**TRY IT**. Transcribe only the lines in the data below falling between the line with "湖北省-荆州市-凯瑞华府-91.44-户型库-动静线" and the line with "Plus Size Hyperstretch", including those two lines, and leave out any picture.

**DATA EXCERPTS**.
-=-=-=-=-

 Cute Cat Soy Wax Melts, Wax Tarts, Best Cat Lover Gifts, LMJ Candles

-=-=-=-=-

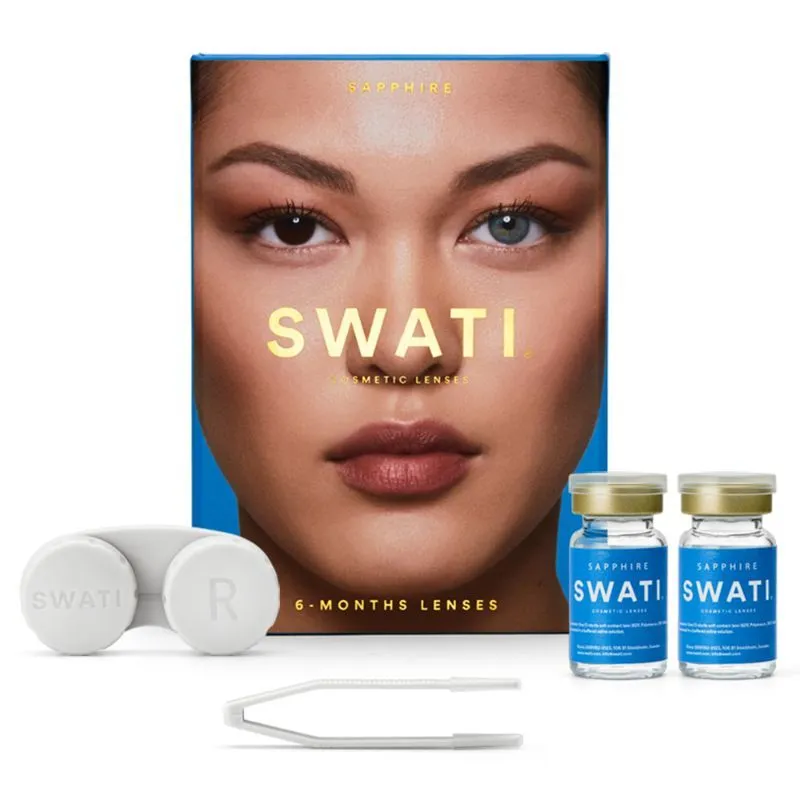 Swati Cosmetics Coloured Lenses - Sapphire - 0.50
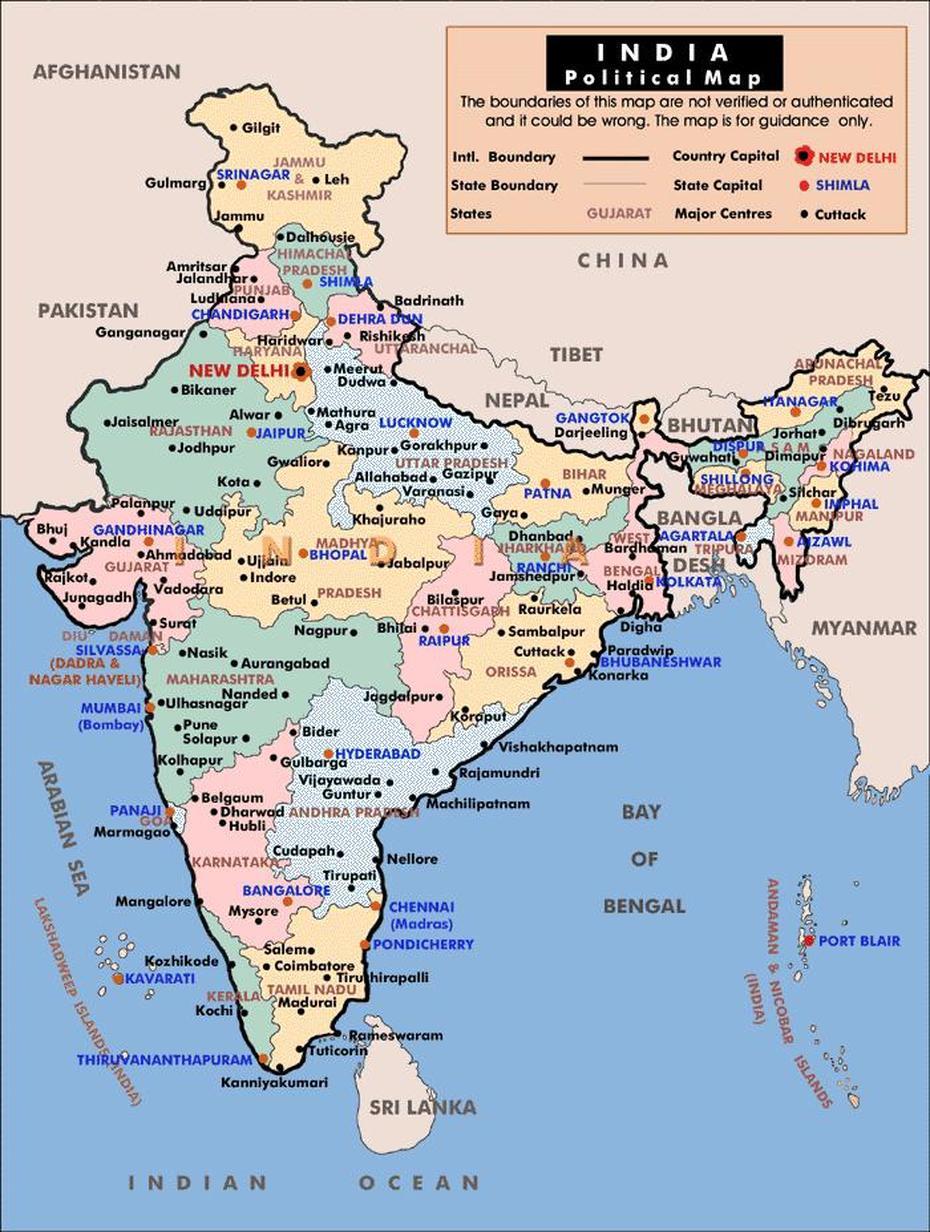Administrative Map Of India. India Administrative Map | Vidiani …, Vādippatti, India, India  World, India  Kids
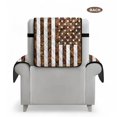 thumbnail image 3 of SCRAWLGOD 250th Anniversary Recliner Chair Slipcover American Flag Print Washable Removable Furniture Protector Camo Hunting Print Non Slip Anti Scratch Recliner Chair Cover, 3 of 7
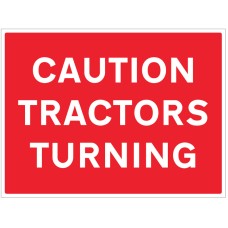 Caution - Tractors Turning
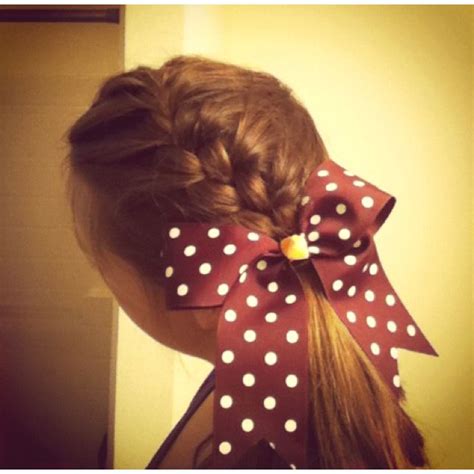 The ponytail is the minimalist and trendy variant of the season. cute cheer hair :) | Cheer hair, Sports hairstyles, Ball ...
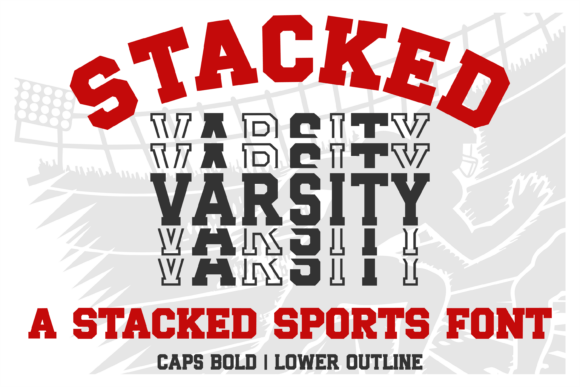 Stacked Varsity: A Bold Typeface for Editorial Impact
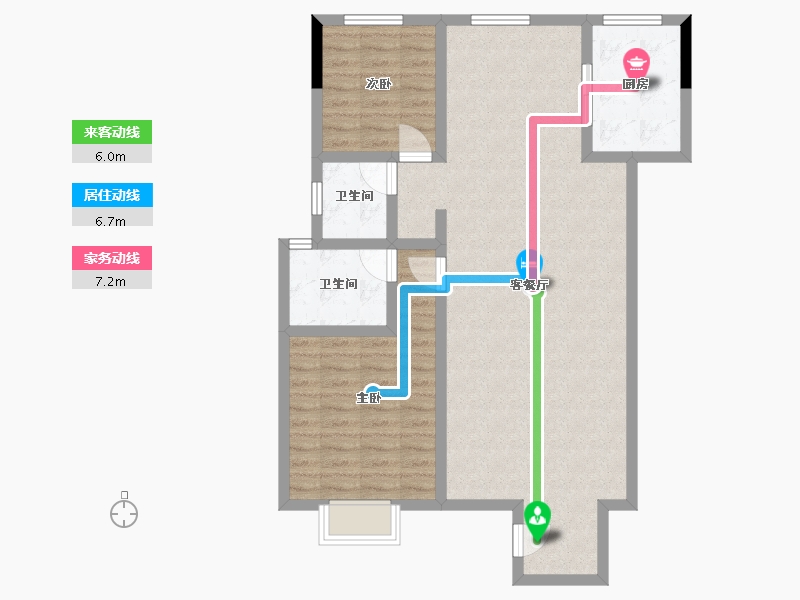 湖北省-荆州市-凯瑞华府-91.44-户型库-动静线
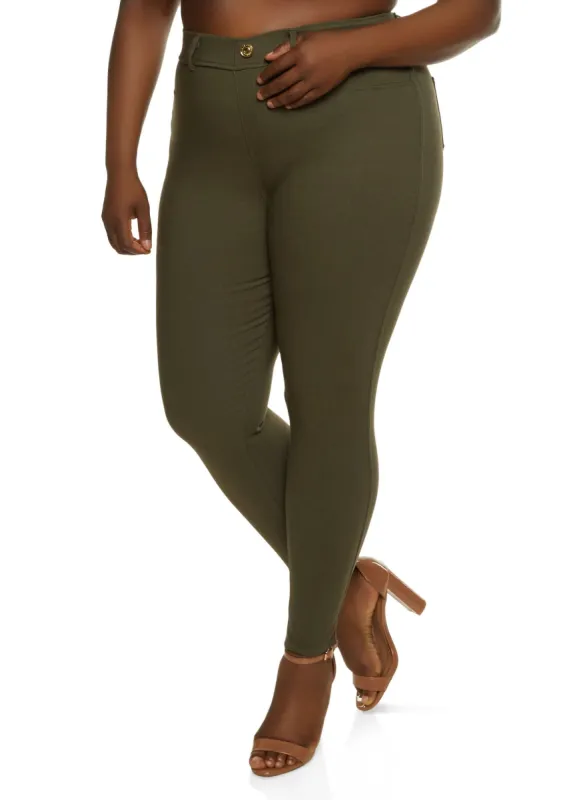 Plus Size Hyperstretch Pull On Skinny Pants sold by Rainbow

-=-=-=-=-

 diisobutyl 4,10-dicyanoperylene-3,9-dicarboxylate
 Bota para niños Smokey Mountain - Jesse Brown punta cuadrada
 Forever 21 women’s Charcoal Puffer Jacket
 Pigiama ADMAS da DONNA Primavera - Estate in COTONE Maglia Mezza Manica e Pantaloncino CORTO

-=-=-=-=-

**COMPLETED TASK**.
 湖北省-荆州市-凯瑞华府-91.44-户型库-动静线
 Plus Size Hyperstretch Pull On Skinny Pants sold by Rainbow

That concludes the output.